Solar, wind, rivers, and waves are incredible sources of energy that we’ve only just begun to harvest. The stories around these generation sources are incredible testaments to mankind’s ingenuity, perseverance and progress. I applaud and endorse every bit of effort to advance the technology and adoption thereof on all these fronts.

Nevertheless, it is important to note that these sources of generation are not without issue. For one, solar isn’t inherently dispatchable. That’s a fancy way of saying you can’t generate energy from solar on demand, like you can with coal or gas. With solar, you get it when you get it. You can’t ask the sun to shine harder as demand rises… such as when folks turn on lights and air conditioning on summer evenings.

In markets where solar is heavily deployed (like Hawaii, California, Nevada and North Carolina), solar generates a meaningful amount of energy. That sounds like a good thing.

It is, in the grand, long-term scheme of things. But, from a utility standpoint, it creates problems today.

  1. At scale, solar impacts baseload, turning the utility’s most efficient assets (baseload generators) into operational headaches.
  2. Overgeneration by renewables can ultimately lead to backflow and generate voltage issues that utilities are on the hook to solve.
  3. Solar actually exacerbates the need to build out new capacity, which is driven by late afternoon demand, when the sun isn’t shining.
  4. Solar forces utilities to ramp up alternate generation assets rapidly and aggressively later in the day.

All that costs money for the utilities.

Below is a picture that demonstrates the described problem. It shows generation from a utility in Kauai, where solar is producing significant energy. As you can see, the amount of solar production eats into baseload and fails to contribute at the peak.

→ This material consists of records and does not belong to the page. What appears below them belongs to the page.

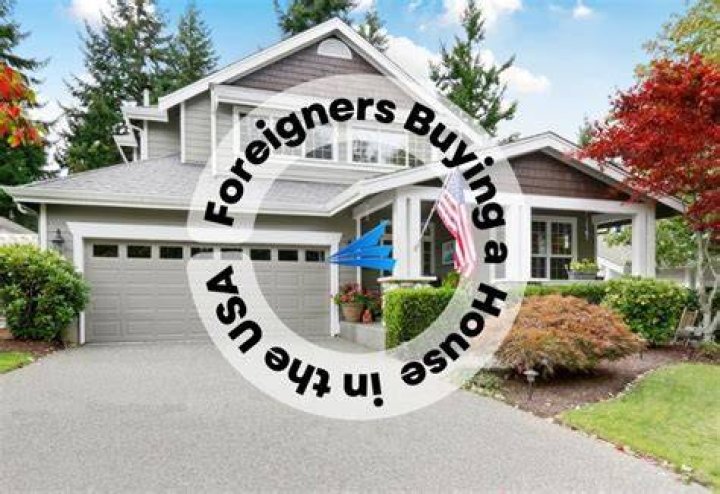 Can I stay in USA if I buy a house?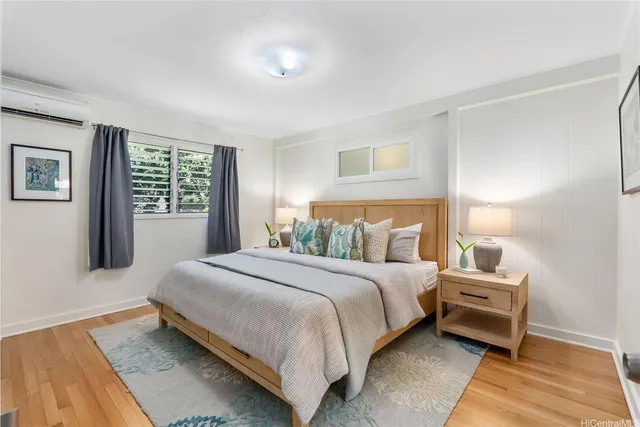 a spacious bedroom with a bed a couch and a window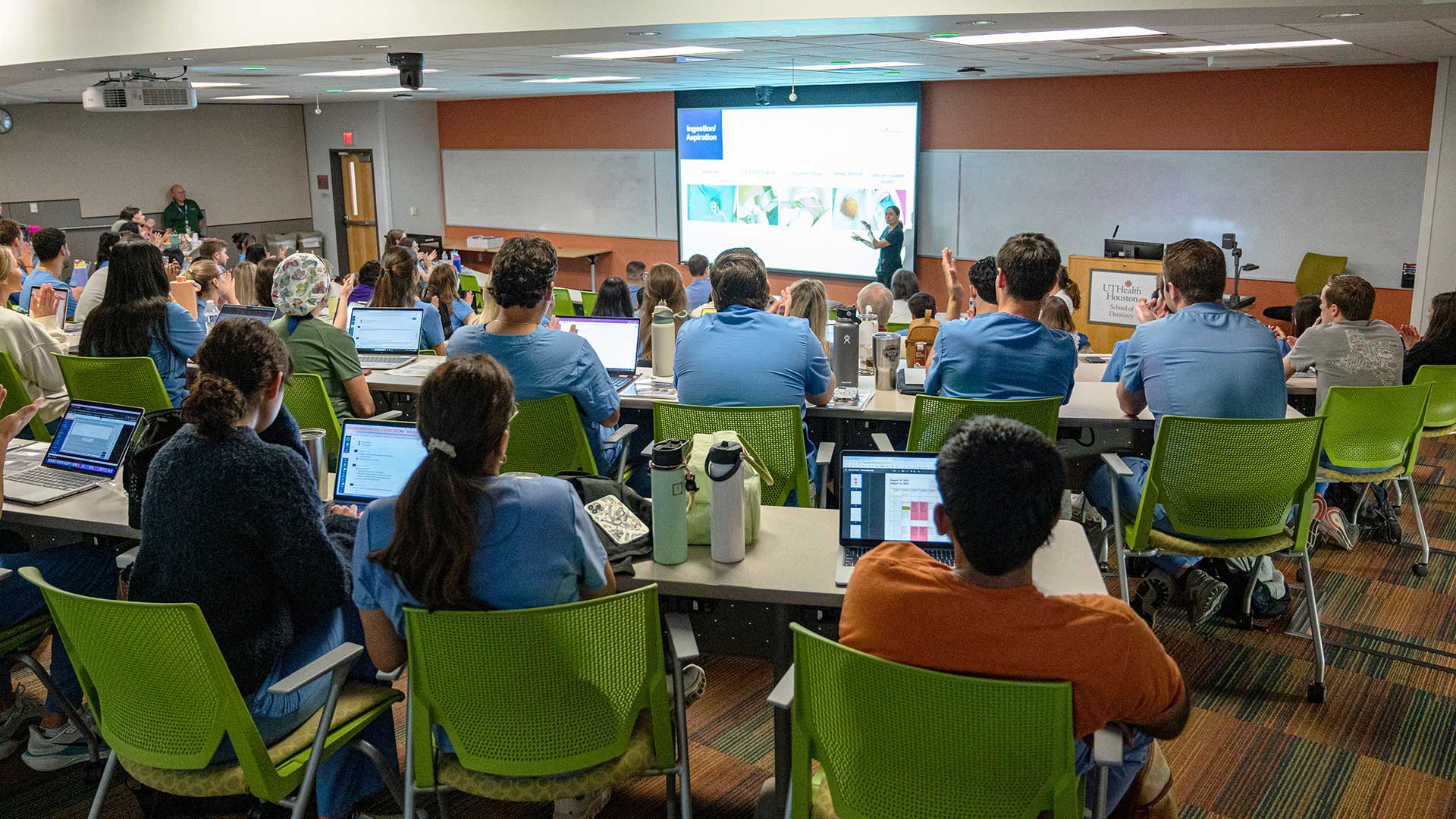 Students at graduation with confetti around them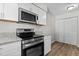 Clean kitchen with stainless steel appliances, white cabinets, and wood-look flooring at 7407 Sandy Creek Dr, Raleigh, NC 27615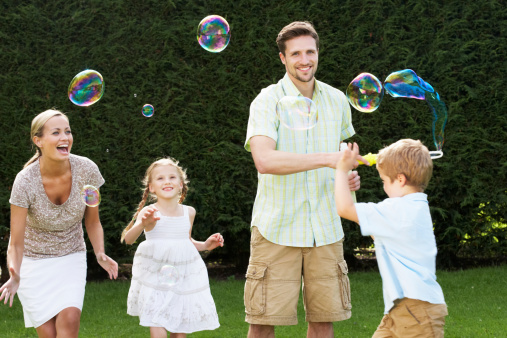 Family Playing With Bubbles In Garden Smiling To Camera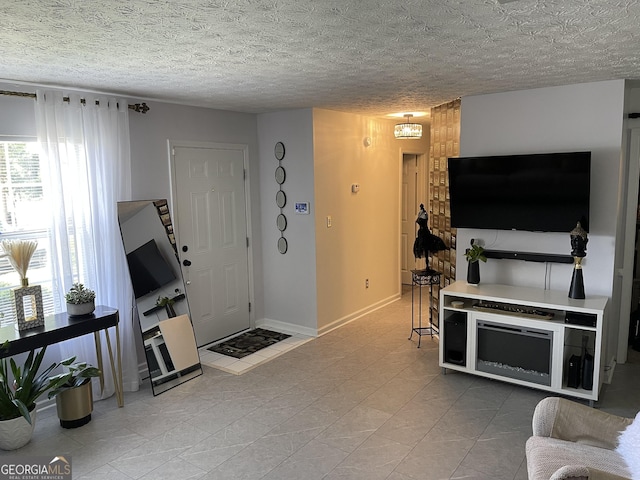 401 Bainbridge Dr, Mcdonough, GA 30253 - living room featuring baseboards and a textured ceiling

Short story, under the existing models, solar creates new expenditures for utilities, with very little relief on existing costs. Over time, the problem that solar creates makes the utility’s energy profile look increasingly like a duck.

Hence the Duck Curve.

Source: CAISO

The solution to the Duck Curve problem is multi-faceted, but storage almost certainly will play an important role. In fact, we’re already seeing storage deployed in Kauai as a solution to the problem depicted above.

To put solar truly at par with gas and coal in terms of capability, we need storage. Storage allows utilities to take off-peak overabundance and turn it into a deployable generation asset at peak. Storage turns solar into dispatchable energy.

The pairing of storage with renewables is the future. It is a key element in the ongoing growth of renewables and resilience of the grid. In my view, solar policy that fails to consider storage is lacking.

Yes, storage has a cost. But, it is declining and now reaching levels necessary for broad adoption. We need to stoke that and drive down the costs of storage. The good news is that governments are starting to tackle regulatory regimes. Tesla and LG Chem are making massive strides in manufacturing efficiencies. A number of utilities are pressing forward with trials around storage.

Also, worth noting, the cost of storage is significantly lower than the real cost of carbon emissions in our atmosphere. Metaphorically, we’re sitting in a gymnasium in which a car is running. While it may not present an immediate problem and the gas for that car may be cheap, there‘s a looming, bigger cost that needs to be recognized.